What we know about our mammal ancestors that were alive (and survived) at the extinction event 65 million years ago?
Many of them looked like little rodents. However, several distinct mammalian lineages were already present, including Monotremes, marsupials and placental mammals. Throughout the whole mesozoic era, mammals were already quite diversified! Also, even though most of the mammals that survived the K/T boundary were rather small, there were already some larger mammals around in the Cretaceous.
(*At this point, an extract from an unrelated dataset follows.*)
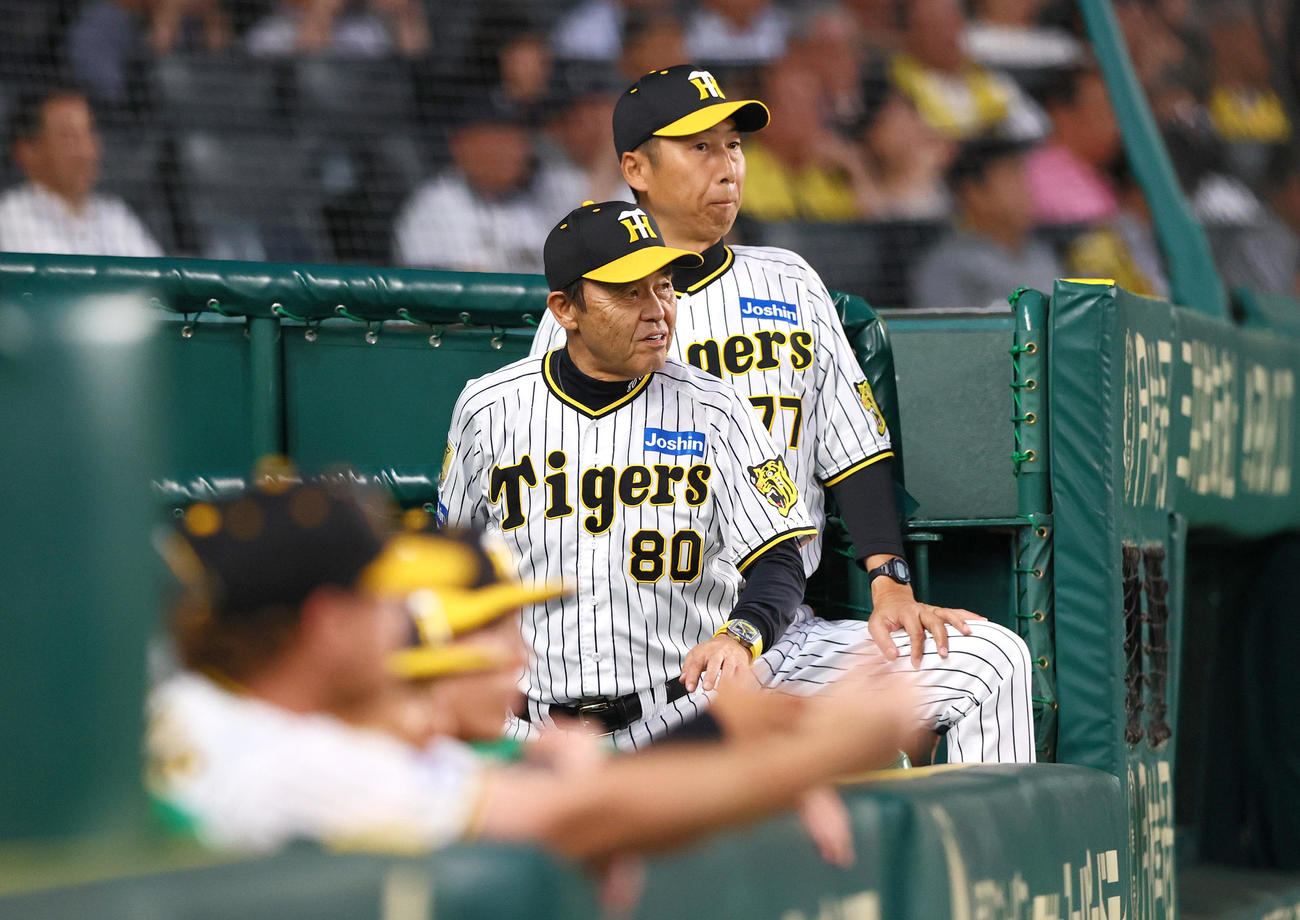 阪神対中日　5回裏阪神1死、岡田監督（手前）は佐藤輝の二塁アウトにリクエストするが判定は変わらずアウト（撮影・上山淳一）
Here is a nice picture of a symmetrodont:
See a nice page on early mammals.
A recent genetic analysis suggests that they were probably bigger that we thought before :
In a 2013 study, that combined genetic data and morphological data, the last common ancestor of placental mammals was estimated to be a four-legged creature likely ate insects, weighed from 6 grams (about the weight of some shrews) up to 245 grams — and was more adapted for general scampering. Also, its cerebral cortex — the part of the brain linked to higher mental processes — was probably convoluted, folds linked with greater brain activity, http://www.livescience.com/26929-mama-first-ancestor-placental-mammals.html
The same study estimates that this ancestral creature arose some 200,000 to 400,000 years after the end of the age of dinosaurs. This is in line with what paleontology suggest... but is in contrast with other studies based purely on genetic data, which puts the last common ancestor of placental mammals 36 million year before the dinosaur extinction. (which depends on how accurate you can estimate the speed of the genetic clock which is dependent on number of generations and thus the lifespan of the animal...faster in fast breeding, short lived animal. Slower in long lived, slow breeding animals)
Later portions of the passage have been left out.